This actually works fine if you just want to be know whether objects have changed, but you are likely to want more than that. It is nice to know what’s been deleted too. While were about it, it is nice to see if something has been renamed or added.

This can all be achieved reasonably easy by querying the metadata, but unlike a database comparison tool, it can do little more than tell you what has changed rather than the way it has changed. It has a different objective. It gives you just the overview to track changes in a particular build. If you want to compare different builds, you can ‘t use it because the object_ids will be different. You’ll need to use a database comparison tool because the information you want to use is lost.

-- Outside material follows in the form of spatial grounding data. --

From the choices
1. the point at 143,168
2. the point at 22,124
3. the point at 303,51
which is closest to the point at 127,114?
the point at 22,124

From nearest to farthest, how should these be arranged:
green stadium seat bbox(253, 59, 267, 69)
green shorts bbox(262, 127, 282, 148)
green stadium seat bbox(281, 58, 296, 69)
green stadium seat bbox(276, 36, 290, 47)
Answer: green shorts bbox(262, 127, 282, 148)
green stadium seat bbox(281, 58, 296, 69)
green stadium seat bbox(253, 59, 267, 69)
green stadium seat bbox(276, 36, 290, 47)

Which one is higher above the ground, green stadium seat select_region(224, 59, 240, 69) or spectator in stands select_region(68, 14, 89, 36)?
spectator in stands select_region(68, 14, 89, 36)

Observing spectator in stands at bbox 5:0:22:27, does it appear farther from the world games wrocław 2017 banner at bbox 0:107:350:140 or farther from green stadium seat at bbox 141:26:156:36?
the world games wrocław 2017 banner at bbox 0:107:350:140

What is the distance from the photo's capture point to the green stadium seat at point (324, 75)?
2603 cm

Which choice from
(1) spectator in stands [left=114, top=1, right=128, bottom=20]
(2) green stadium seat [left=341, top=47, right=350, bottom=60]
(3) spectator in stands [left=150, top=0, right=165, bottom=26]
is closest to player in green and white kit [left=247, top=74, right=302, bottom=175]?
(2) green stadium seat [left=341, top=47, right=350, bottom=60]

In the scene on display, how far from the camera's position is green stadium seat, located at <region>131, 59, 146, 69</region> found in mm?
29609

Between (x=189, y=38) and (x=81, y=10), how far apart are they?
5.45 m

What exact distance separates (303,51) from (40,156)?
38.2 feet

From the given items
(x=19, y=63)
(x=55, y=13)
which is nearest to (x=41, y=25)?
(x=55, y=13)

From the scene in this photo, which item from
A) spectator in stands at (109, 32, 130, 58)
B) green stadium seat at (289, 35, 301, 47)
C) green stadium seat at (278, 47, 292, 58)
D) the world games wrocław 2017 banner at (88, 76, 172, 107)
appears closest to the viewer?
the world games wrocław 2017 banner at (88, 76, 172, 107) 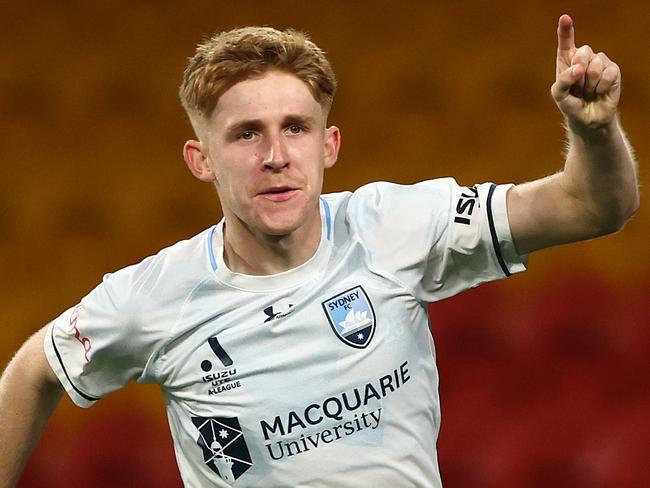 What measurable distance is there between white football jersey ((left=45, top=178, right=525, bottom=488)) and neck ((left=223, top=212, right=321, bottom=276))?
0.01 metres

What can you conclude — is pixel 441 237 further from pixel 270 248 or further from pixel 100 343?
pixel 100 343

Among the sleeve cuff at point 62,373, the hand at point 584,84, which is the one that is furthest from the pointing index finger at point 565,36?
the sleeve cuff at point 62,373

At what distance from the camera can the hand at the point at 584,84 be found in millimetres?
1380

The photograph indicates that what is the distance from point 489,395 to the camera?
335cm

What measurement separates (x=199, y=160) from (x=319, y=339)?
0.33 metres

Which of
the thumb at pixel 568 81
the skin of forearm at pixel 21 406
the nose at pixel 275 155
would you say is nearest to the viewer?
the thumb at pixel 568 81

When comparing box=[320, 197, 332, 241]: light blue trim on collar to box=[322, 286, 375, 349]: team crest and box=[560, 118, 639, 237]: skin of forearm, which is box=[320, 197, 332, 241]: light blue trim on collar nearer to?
box=[322, 286, 375, 349]: team crest

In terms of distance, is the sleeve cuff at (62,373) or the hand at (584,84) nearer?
the hand at (584,84)

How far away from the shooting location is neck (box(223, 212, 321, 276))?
167cm

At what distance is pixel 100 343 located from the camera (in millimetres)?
1714

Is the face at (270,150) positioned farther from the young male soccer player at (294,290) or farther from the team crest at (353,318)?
the team crest at (353,318)

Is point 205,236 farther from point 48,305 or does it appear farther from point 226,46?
point 48,305

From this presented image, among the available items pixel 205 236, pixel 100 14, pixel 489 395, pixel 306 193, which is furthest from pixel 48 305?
pixel 306 193

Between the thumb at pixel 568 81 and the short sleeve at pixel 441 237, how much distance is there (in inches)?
8.9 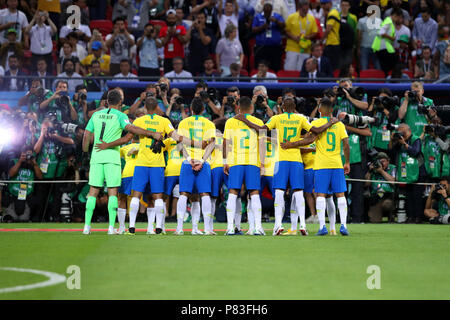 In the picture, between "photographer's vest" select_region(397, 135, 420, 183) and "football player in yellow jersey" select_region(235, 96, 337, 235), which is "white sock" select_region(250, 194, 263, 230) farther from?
"photographer's vest" select_region(397, 135, 420, 183)

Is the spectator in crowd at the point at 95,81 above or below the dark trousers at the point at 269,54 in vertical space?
below

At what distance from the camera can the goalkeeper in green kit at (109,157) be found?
39.8 feet

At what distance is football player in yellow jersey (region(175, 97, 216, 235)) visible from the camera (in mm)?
12469

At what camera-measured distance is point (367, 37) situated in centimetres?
2117

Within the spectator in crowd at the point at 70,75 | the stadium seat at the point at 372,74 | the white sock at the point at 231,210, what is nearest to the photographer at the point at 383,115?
the stadium seat at the point at 372,74

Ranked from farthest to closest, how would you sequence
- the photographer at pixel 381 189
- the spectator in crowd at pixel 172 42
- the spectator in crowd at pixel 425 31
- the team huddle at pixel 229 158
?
1. the spectator in crowd at pixel 425 31
2. the spectator in crowd at pixel 172 42
3. the photographer at pixel 381 189
4. the team huddle at pixel 229 158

The problems with this technique come from the fact that some database components such as indexes, columns, parameters and distribution statistics aren’t considered to be objects, because they are parts of other objects, tables or routines in this case. When, for example, a column changes, the whole table changes and its last-modified date is changed to the time that the column was modified. However, some objects that are parts of other objects such as primary keys and constraints are considered to be objects in their own right. Sometimes they roll their updated modification date back to the parent object. Sometimes, rarely, they don’t. When a foreign key constraint is changed, both participating tables are flagged as being modified, which isn’t entirely intuitive.

Nowadays it is easier to use Extended Events to track database changes, but this requires a session to be running at the time to capture the event. If this isn’t possible, then the default trace may have the information. On the other hand, this may have been switched off, or the data may have got lost. This happens if the background noise of maintenance tasks drowns out the database modifications you want to track by pushing them out of the current default trace log. It is useless if you want to study the history of changes in a build.

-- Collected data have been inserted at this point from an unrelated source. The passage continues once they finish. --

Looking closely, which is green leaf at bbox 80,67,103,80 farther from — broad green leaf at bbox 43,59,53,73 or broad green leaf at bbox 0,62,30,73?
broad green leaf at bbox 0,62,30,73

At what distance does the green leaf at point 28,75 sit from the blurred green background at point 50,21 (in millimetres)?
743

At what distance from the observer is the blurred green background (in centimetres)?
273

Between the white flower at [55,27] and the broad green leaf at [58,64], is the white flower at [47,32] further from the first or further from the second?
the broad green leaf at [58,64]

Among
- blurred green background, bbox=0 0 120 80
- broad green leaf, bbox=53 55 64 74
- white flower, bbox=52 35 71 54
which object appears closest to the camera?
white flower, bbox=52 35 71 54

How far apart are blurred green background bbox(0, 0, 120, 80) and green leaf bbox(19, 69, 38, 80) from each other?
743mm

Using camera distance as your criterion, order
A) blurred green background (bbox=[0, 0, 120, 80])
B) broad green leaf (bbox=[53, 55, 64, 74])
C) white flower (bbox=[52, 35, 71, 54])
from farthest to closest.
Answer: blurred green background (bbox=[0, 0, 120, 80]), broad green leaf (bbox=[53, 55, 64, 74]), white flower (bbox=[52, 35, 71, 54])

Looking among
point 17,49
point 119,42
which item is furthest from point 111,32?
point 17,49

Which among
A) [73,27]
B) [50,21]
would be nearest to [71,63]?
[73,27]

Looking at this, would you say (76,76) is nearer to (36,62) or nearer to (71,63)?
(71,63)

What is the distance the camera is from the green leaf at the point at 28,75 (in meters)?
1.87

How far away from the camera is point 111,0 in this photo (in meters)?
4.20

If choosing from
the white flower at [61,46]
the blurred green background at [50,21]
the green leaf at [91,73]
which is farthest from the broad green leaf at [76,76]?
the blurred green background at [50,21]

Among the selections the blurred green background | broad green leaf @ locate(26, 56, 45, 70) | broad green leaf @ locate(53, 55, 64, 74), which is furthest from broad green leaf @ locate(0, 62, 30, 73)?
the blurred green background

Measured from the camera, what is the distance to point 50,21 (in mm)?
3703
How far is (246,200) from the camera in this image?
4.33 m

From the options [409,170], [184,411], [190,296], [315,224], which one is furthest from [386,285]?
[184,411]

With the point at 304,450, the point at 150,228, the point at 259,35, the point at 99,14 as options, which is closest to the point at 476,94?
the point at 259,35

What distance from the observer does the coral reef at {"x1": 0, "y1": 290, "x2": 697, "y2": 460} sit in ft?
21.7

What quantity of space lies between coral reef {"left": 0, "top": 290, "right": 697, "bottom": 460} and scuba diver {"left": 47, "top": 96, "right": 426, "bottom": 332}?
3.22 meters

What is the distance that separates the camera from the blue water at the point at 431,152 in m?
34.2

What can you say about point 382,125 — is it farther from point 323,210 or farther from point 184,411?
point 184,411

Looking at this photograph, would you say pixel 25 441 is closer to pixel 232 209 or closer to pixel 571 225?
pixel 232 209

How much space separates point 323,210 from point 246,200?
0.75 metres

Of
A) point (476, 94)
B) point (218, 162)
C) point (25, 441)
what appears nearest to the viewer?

In order to track database changes, you need to understand the thinking behind the way that the various database components are recorded in the system views. Objects that don’t have parents are typically views, table valued functions, stored procedures, service queues, inline table valued functions, tables and scalar functions. On the other hand, check constraints, default constraints, foreign key constraints, primary key constraints, sql triggers, and unique constraints have parents, and have no independent existence beyond their parent object. When the parent is deleted, so are the children. However Columns, parameters and indexes aren’t considered to be objects, just attributes of objects, so can only be tracked by their ids together with the object IDs of their associated objects.

Why bother with all this? If you maintain a single build, merely making changes to it for every internal release, then you can preserve just the values of the objects name, object_id, modify_date and parent_object_id in a database somewhere. If you do that for every integration, then you have the means to list out all the changes between any two releases. Hmm. I wonder what has changed since the beginning of May? (click click click.) Hmm. OK, it doesn’t tell you how it has changed, but it narrows it down! Another use: At the beginning of a day’s work, you save those four columns from the sys.objects table. At the end of the day, you run the query which identifies the changes. This allows you to script out all the changed objects into source control. With SMO (sqlserver), you can do it all automatically once you’ve devised a script to do it.

I started on this routine in order to monitor changes being made to clones, using SQL Clone. In this case, it is easy to save a json file with the required columns to disk when creating the image and use that to check on what has changed with each clone. One could even report on when the changes were made.

The table value you need in order to do comparisons is easily illustrated by using Adventureworks, but any database will do, obviously.

You can create a table to store these in, or maybe store them on disk. We’ll show the former method. Here is an example of such a table

… then you can take an ‘insta-record’ of the state of a database (Adventureworks2016 in this case)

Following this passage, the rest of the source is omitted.